> _Assignment_:
For the word "Monday", count the lines below that contain it. Give the number alone.

□ □ □ □

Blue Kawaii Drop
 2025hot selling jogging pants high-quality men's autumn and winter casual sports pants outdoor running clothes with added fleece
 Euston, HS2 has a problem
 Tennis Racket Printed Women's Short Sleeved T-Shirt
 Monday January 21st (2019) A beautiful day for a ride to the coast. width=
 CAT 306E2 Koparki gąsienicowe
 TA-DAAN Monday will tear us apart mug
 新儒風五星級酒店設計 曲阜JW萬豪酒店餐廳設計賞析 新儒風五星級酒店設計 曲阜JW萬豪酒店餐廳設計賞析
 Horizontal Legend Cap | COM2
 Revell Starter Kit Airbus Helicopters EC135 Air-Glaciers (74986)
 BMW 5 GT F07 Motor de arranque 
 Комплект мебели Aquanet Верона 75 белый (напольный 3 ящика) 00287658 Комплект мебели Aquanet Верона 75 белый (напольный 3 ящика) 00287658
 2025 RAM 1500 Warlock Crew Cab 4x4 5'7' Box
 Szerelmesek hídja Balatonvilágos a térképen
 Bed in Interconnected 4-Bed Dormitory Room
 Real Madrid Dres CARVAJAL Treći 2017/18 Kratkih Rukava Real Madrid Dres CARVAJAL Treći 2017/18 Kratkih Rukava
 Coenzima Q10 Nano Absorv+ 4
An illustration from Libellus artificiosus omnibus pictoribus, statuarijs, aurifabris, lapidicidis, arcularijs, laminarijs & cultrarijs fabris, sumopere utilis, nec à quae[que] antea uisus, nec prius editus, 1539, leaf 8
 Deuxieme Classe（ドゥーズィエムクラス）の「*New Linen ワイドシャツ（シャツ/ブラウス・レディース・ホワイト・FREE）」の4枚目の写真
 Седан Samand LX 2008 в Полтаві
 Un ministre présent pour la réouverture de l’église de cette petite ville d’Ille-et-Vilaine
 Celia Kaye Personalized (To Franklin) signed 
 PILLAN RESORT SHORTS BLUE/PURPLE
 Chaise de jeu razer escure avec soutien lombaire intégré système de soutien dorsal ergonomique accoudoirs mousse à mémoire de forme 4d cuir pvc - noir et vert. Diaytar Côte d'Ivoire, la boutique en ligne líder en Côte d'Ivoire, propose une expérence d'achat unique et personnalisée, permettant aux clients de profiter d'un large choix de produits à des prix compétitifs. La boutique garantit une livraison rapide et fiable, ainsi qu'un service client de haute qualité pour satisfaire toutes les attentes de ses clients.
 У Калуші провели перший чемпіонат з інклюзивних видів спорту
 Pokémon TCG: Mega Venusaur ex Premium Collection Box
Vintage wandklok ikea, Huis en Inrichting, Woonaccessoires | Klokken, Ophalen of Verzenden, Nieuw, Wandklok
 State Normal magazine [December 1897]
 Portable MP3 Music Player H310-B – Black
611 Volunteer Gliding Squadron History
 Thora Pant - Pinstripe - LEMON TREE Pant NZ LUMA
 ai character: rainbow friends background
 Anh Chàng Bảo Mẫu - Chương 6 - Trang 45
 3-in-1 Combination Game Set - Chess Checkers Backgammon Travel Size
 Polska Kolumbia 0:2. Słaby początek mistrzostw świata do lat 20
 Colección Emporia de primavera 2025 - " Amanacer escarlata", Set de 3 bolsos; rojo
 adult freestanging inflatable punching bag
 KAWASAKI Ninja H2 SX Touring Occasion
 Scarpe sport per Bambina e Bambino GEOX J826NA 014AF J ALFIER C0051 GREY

□ □ □ □

> _Answer area_:
2